## Entries provided
+---+

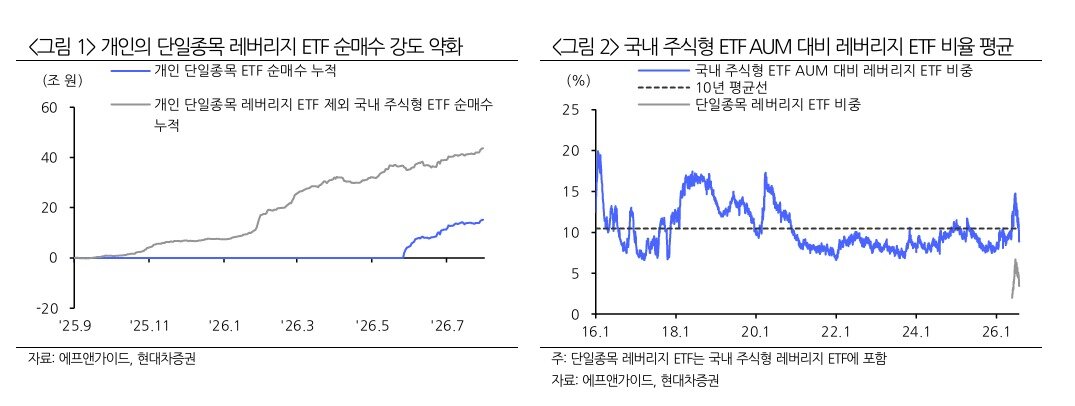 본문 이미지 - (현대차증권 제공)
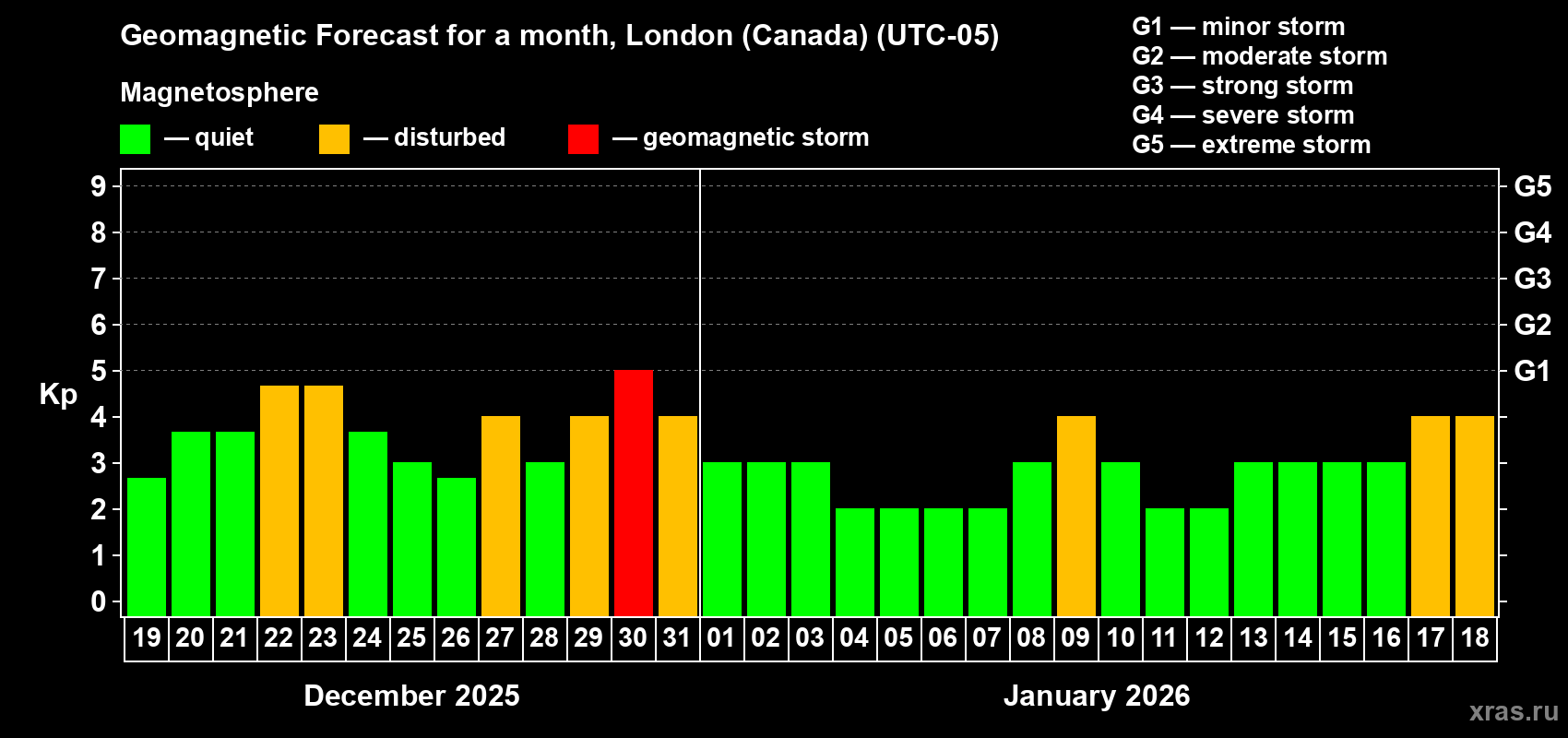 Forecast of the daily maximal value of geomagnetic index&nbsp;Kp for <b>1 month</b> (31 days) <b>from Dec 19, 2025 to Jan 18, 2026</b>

+---+

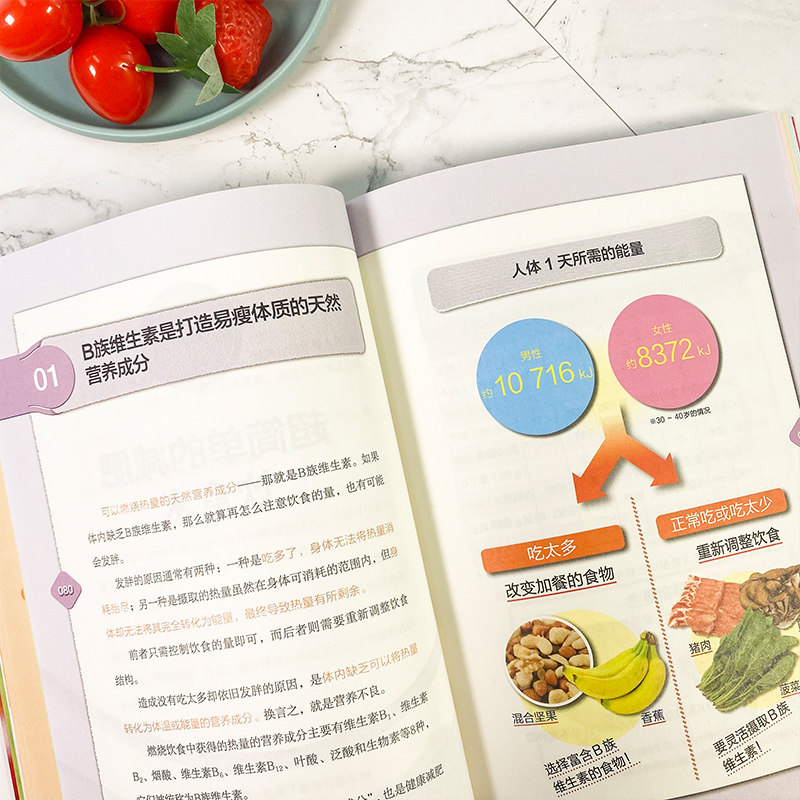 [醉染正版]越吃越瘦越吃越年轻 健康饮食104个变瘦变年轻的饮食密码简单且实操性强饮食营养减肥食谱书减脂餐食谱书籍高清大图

+---+

## What the task requires
Reproduce, word for word, everything in the listing above from the line containing "본문 이미지 - (현대차증권 제공)" down to the line containing "Forecast of the", both of them included. No pictures.

## Result
 본문 이미지 - (현대차증권 제공)
 Forecast of the daily maximal value of geomagnetic index&nbsp;Kp for <b>1 month</b> (31 days) <b>from Dec 19, 2025 to Jan 18, 2026</b>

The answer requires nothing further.